Culturomics and Google’s Ngram Viewer: More Noise?

The other day, a few minutes of wilfing led us to Technium’s post on Google’s latest project, the Ngram Viewer. Is Google making us stupid again? But this is serious stuff, as evidenced by the Ngram Viewer introduction in last December’s Science. The Ngram Viewer is a corpus allowing users to search keywords in millions of books and to quantitatively plot the results. So what? A TED video helps explain the development and potential uses. Commentary to the Science article, and to the claims made in the TED video, questions the usefulness of the Google project.

Is the Ngram Viewer an electronic Tower of Babel? We’re not sure; what are its implications, its practical uses? It appears to be an interesting cultural anthropological tool. The corpus contains “over 500 billion words,” and “cannot be read by a human.” But anyone can access it at the Culturomics site. In the Science paper, “Quantitative Analysis of Culture Using Millions of Digitized Books,” the authors provide this takeaway: “Cultural change guides the concepts we discuss (such as ‘slavery’). Linguistic change – which, of course, has cultural roots – affects the words we use for those concepts (‘the Great War’ vs. ‘World War I’). In this paper, we will examine both linguistic changes, such as changes in the lexicon and grammar; and cultural phenomena, such as how we remember people and events.”

Closing the paper is a concise definition of culturomics with a touching comment on its limitations: “Culturomics is the application of high-throughput data collection and analysis to the study of human culture. Books are a beginning, but we must also incorporate newspapers (29), manuscripts (30), maps (31), artwork (32), and a myriad of other human creations (33, 34). Of course, many voices – already lost to time – lie forever beyond our reach.” (Not to mention the trunk of writing, molding in our basement for over twenty years, that we finally threw out – the poems were beginning to crawl out of the trunk, climb up the basement stairs, and haunt our dreams.) The Science paper concludes with examples of how culturomics might be used as “a new type of evidence in the humanities.” Yet some of the paper’s conclusions seem obvious: “People, too, rise to prominence, only to be forgotten.” Surely, that “One generation passeth away, and another generation cometh” is not a new concept. But their discussion of the impact of censorship is interesting. In any case, the field of Humanities currently needs all the help it can get.

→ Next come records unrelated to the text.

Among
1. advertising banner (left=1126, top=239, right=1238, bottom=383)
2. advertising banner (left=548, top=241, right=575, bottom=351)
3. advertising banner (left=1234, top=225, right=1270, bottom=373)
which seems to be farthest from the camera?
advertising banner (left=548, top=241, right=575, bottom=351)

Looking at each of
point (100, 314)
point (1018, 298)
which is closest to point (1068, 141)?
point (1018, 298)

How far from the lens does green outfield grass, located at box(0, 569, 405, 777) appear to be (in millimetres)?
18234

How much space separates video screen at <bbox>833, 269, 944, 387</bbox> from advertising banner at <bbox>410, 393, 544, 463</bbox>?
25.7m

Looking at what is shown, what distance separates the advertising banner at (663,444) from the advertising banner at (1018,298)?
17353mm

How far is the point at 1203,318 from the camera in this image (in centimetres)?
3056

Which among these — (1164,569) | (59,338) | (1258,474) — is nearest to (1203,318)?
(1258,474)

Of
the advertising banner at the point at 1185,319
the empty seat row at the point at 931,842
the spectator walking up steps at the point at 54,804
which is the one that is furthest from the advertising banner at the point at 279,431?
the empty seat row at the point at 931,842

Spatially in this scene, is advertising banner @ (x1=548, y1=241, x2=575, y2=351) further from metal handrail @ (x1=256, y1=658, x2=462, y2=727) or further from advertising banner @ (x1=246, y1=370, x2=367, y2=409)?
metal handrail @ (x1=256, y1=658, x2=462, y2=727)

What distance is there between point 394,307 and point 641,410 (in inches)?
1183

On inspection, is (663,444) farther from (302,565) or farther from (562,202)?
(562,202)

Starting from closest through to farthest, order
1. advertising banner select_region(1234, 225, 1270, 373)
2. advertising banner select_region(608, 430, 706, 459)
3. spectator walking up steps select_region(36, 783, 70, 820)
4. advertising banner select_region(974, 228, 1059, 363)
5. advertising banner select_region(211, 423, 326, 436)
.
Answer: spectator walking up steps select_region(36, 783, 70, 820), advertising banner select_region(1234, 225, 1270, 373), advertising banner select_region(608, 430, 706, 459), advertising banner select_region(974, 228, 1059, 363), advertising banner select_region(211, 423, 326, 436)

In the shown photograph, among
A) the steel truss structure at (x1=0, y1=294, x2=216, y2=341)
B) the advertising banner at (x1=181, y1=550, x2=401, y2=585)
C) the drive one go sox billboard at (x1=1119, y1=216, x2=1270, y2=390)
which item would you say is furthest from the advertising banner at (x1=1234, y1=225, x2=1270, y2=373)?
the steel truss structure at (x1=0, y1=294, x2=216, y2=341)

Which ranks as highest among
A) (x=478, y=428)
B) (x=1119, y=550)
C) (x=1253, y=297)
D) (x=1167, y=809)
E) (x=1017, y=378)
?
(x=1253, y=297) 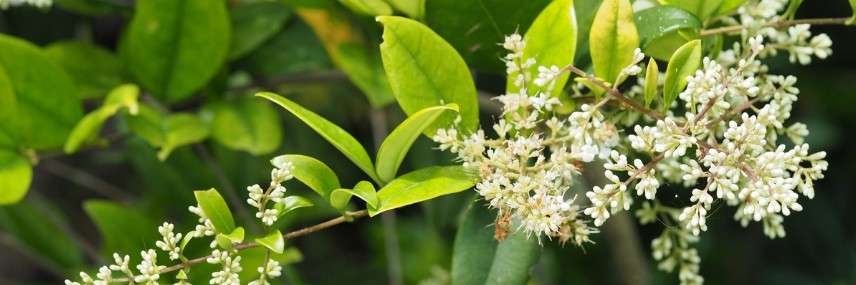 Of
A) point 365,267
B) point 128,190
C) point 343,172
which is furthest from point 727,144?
point 128,190

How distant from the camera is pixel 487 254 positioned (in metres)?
0.92

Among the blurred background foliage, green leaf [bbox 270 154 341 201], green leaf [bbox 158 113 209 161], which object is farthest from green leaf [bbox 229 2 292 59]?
green leaf [bbox 270 154 341 201]

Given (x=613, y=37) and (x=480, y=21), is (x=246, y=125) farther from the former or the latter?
(x=613, y=37)

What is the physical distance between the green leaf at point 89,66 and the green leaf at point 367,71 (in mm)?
321

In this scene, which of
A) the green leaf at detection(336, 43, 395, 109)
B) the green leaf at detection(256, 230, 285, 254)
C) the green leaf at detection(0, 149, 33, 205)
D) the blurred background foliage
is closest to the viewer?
the green leaf at detection(256, 230, 285, 254)

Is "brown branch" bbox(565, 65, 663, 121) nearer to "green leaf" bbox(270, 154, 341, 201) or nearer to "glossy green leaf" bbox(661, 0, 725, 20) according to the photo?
"glossy green leaf" bbox(661, 0, 725, 20)

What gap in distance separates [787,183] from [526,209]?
0.21 metres

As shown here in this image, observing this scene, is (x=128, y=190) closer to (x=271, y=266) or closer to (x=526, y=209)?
(x=271, y=266)

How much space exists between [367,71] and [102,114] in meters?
0.32

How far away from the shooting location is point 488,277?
0.91 m

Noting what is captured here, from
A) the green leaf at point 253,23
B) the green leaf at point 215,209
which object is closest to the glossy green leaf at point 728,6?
the green leaf at point 215,209

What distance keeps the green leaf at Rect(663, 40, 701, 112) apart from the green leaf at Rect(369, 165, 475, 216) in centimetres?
19

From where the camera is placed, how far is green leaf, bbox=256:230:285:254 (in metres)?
0.77

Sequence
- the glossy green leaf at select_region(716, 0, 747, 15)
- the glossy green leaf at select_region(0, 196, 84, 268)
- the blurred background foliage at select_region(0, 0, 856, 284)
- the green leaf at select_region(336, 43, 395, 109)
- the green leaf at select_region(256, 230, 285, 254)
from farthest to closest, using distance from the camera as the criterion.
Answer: the glossy green leaf at select_region(0, 196, 84, 268), the blurred background foliage at select_region(0, 0, 856, 284), the green leaf at select_region(336, 43, 395, 109), the glossy green leaf at select_region(716, 0, 747, 15), the green leaf at select_region(256, 230, 285, 254) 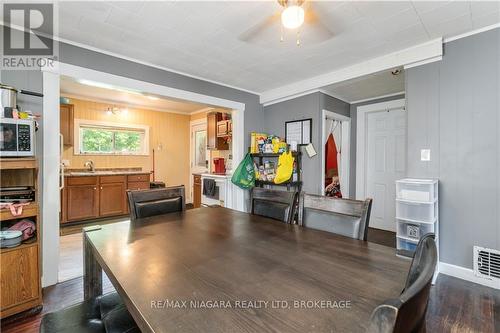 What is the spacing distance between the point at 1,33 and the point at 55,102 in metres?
0.65

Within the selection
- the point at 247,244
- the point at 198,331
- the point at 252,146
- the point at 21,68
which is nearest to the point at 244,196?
the point at 252,146

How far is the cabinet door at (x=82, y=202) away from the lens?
13.6ft

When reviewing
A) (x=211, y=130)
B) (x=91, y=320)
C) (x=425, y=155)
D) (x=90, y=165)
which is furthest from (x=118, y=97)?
(x=425, y=155)

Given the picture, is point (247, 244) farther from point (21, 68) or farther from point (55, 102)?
point (21, 68)

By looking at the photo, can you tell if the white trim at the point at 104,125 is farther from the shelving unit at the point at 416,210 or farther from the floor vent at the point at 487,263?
the floor vent at the point at 487,263

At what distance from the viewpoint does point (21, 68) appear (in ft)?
7.08

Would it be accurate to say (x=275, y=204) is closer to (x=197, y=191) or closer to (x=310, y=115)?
(x=310, y=115)

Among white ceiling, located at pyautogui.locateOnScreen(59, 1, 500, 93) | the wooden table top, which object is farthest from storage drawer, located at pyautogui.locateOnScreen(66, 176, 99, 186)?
the wooden table top

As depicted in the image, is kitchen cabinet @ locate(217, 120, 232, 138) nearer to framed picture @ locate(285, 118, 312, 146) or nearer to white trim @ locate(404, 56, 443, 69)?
framed picture @ locate(285, 118, 312, 146)

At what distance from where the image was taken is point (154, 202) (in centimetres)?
193

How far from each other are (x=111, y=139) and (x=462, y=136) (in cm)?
588

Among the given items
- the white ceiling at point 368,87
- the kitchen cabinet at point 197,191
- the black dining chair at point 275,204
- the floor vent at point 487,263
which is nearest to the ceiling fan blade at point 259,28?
the black dining chair at point 275,204

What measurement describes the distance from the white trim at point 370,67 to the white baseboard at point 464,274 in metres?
2.10

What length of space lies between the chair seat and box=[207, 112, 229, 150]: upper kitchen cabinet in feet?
13.6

We played around a bit with the Ngram Viewer. In one experiment we plotted “silence” against “noise,” and found that noise overtook silence around 1961, even though 1961 is the year Wesleyan first published Silence, by John Cage. Cage would have enjoyed the Ngram Viewer. Our Ngram Viewer chart plotting silence and noise is shown below:

All Stung Over By Links of Googled Grace

We are stung by it, in Flannery O’Connor’s world, where grace is a holy bee attracted to the colors of the soul’s peacock-like feathers, or we are brushed by a mere grace singing like a wind, stirring Wallace Stevens’s “gold-feathered bird” in “The palm at the end of the mind”; its “fire-fangled feathers dangle down,” and we become grace when we are satisfied to merely be. In any case, we can not know if grace will, like Portia’s mercy, “droppeth as the gentle rain from heaven,” or if grace, like Flannery’s wooden leg, will smack us between the eyes as we roll casually under a mellow blue wave.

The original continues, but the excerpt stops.